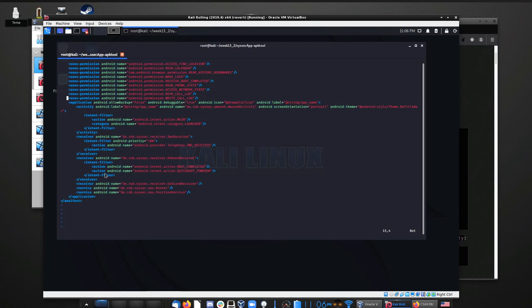Instead of having a single entry point like an exe file with a linear progression to a completion state, these programs have hooks — such as in this case, you want some code within the application to run every time an SMS is received. In the previous application, something might want to be notified when location services are updated. Most applications in your phone are designed to all be loaded simultaneously and stay resident, pausing the primary execution loop while they're not foregrounded.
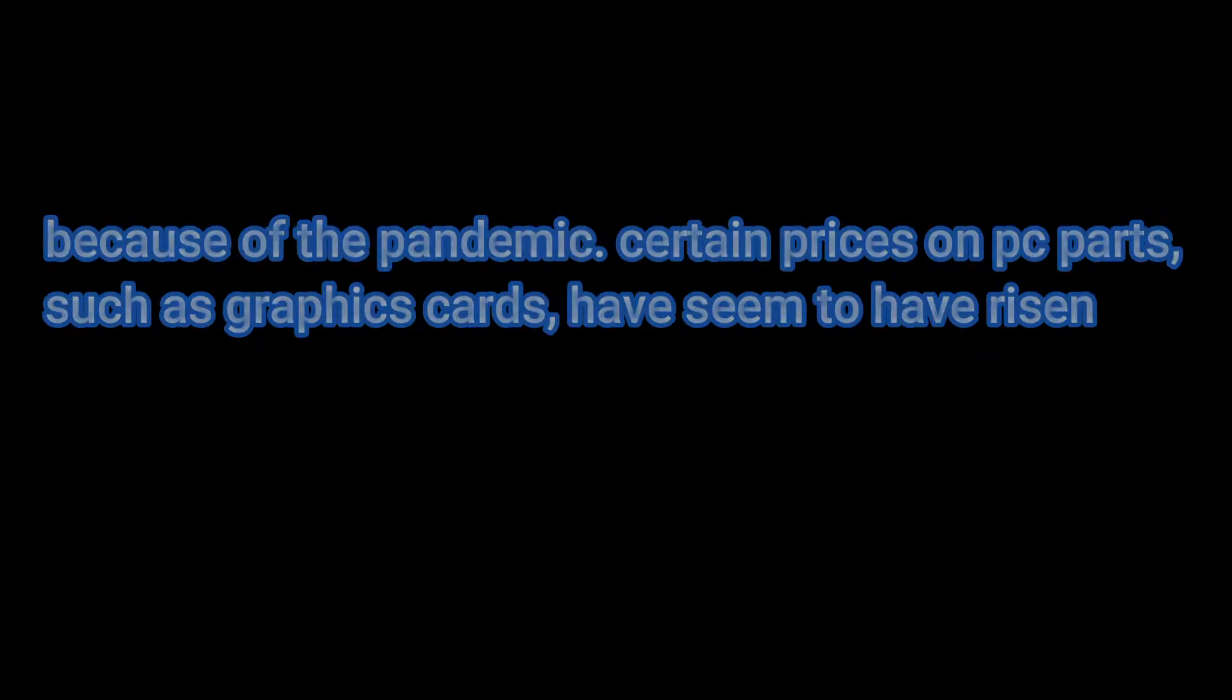Because of the pandemic, prices on certain PC parts such as graphics cards have risen by a very large margin because stock is so low and more people are staying home. The want for PCs has gone up tremendously.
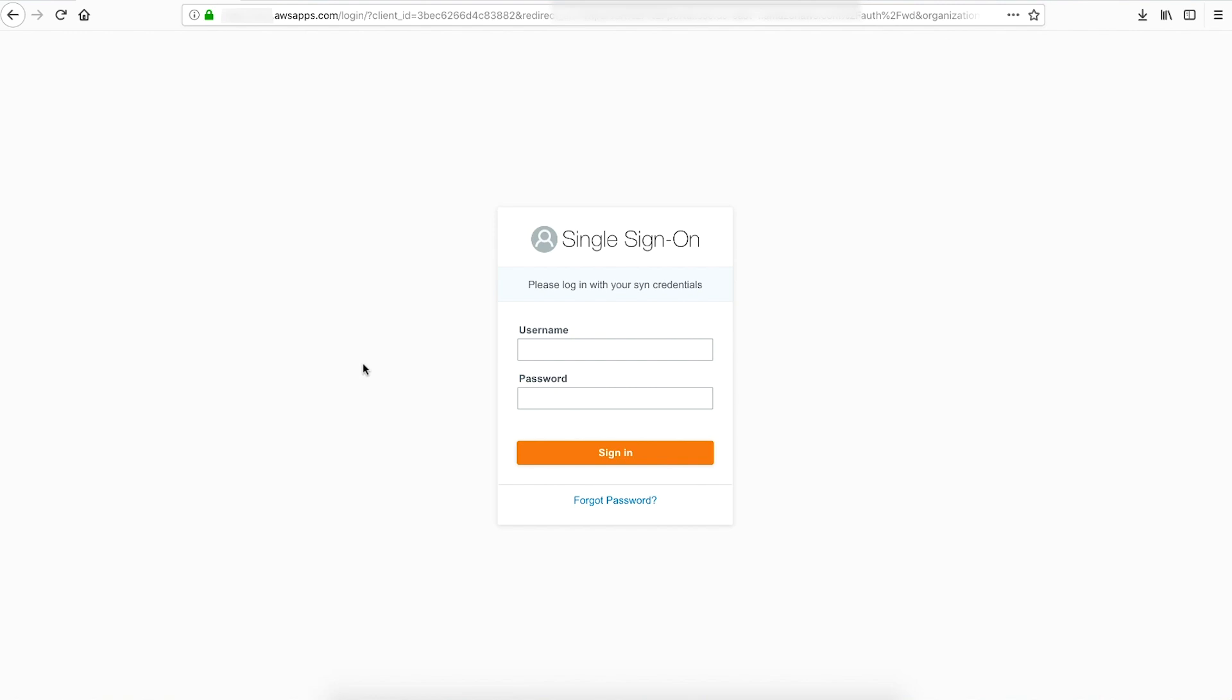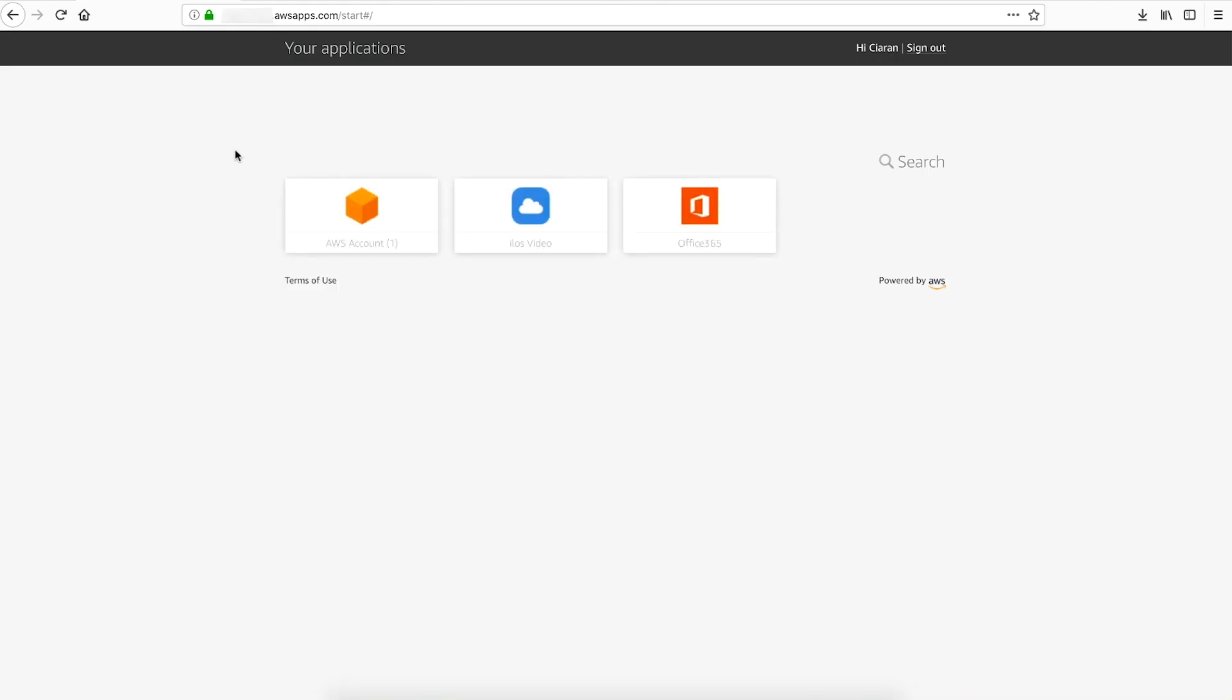When logging in, we'll be logging in with credentials for a user from the domain connected with the SSO service. The landing page for users is the Your Applications page. From here we can see all the applications that the user has access to.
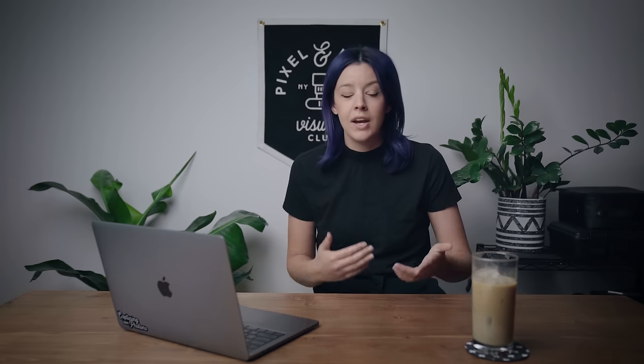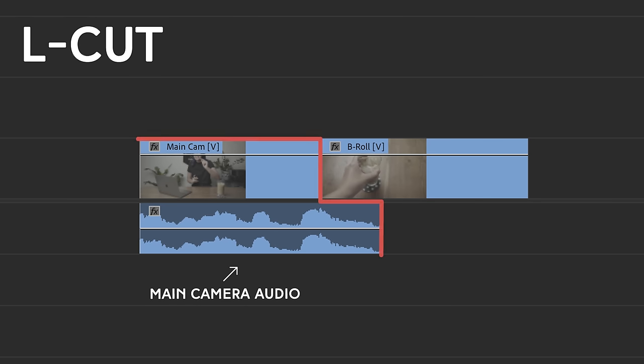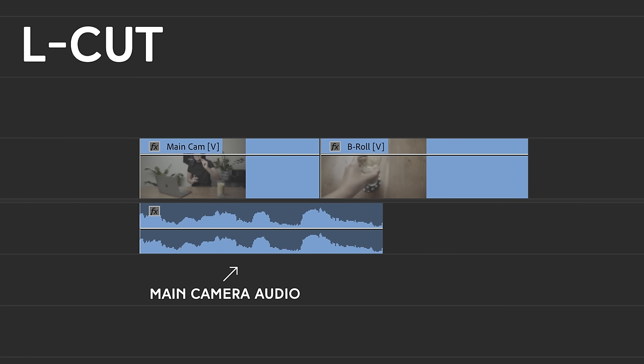Now an L cut is kind of the opposite of that — it's when the audio from the first clip continues over B-roll from the second clip. So if I was talking about coffee and I was going to say 'let's go make coffee,' and then put the B-roll of the coffee on top of the end portion of that voiceover, then that would be an L cut. You'll probably notice now when you watch other people's videos, you're going to pick up that they're using this technique.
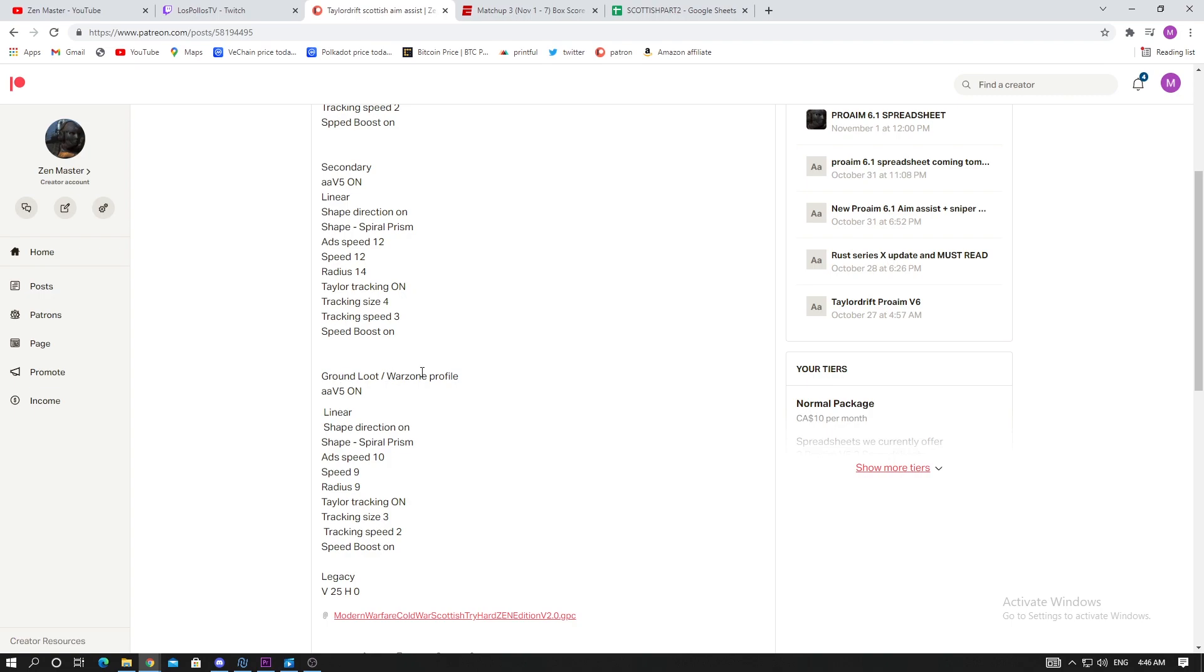The ground loot and warzone profile is for your ground loot. You're gonna use linear, shape direction on, shape spiral prism. I tried to make it a little bit in between but I kind of liked the long-range aim assist a bit more. I liked it really nice and low, so I kept nice and low for the ground loot. You're gonna be using a legacy vertical 25.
☆ ☆ ☆
* [Your objective] Your reply must hold only the lines from the line containing "Now an L cut" through the end of the records above, written out exactly, both ends included, with no pictures, please.

* [Output of the task]
Now an L cut is kind of the opposite of that — it's when the audio from the first clip continues over B-roll from the second clip. So if I was talking about coffee and I was going to say 'let's go make coffee,' and then put the B-roll of the coffee on top of the end portion of that voiceover, then that would be an L cut. You'll probably notice now when you watch other people's videos, you're going to pick up that they're using this technique.
The ground loot and warzone profile is for your ground loot. You're gonna use linear, shape direction on, shape spiral prism. I tried to make it a little bit in between but I kind of liked the long-range aim assist a bit more. I liked it really nice and low, so I kept nice and low for the ground loot. You're gonna be using a legacy vertical 25.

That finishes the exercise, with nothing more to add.